The quality of concrete is one of the most essential parameters in structural performance. Therefore, the minimum concrete quality used in the buildings has been defined as 18 MPa in the 1975 code, 20 MPa in the 1998 and 2007 codes, and 25 MPa in the Turkish Buildings Earthquake Code 2018. However, despite the presence of limit values for concrete quality in the regulations, an examination of concrete samples obtained from structures damaged during earthquakes has revealed that the concrete quality is far below the limits defined in the specifications. The reasons for this include the lack of appropriate mixing ratio, absence of suitable aggregate gradation (large-sized and smooth-surfaced aggregate), lack of vibration, segregation, and presence of foreign materials in the concrete (such as plastic, paper, wood, etc.). Field observations have identified certain drawbacks directly affecting concrete quality, such as inappropriate aggregate sizes, segregation, and the presence of foreign materials.
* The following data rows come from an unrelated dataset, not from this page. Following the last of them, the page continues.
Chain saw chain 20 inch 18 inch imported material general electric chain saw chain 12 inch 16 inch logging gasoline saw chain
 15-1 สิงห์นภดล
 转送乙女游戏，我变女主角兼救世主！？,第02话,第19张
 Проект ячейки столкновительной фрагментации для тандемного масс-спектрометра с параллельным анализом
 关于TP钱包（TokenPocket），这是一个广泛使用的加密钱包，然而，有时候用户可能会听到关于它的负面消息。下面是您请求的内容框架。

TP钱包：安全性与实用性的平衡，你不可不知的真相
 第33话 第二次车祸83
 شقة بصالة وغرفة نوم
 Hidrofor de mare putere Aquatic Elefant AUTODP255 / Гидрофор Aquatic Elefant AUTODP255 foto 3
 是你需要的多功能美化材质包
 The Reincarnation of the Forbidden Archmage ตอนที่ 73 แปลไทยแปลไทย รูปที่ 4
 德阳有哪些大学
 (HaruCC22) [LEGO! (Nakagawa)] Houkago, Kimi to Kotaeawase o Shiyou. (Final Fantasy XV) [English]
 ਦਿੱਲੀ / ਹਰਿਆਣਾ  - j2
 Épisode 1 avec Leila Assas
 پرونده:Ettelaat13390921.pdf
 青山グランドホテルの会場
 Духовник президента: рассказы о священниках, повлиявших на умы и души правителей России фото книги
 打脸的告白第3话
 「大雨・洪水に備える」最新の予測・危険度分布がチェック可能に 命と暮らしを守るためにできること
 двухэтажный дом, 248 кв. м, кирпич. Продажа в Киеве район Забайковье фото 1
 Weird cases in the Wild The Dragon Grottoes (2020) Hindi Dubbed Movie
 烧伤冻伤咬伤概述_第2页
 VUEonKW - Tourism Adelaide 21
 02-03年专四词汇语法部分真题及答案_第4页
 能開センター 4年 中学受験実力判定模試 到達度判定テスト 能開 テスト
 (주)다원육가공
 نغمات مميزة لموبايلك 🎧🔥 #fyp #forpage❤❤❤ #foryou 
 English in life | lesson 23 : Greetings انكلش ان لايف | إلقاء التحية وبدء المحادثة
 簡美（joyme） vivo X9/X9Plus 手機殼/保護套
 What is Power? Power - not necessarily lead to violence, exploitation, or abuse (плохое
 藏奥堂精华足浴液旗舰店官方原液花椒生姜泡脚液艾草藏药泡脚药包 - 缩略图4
Most buildings constructed before 2000 were built using man-made concrete mixed and manufactured by human labor. Therefore, they have common mistakes such as wrong concrete mix (wrong water, cement, and aggregate ratio), low cement ratio, the existence of organic and inorganic materials in the mix, very small or massive aggregate, wrong placement of concrete (heavy segregation), etc. some examples of poor concrete quality and segregation are depicted in Fig. 10.

Fig. 10

Examples of poor concrete quality (a) and wrong placement of concrete (segregation) (b)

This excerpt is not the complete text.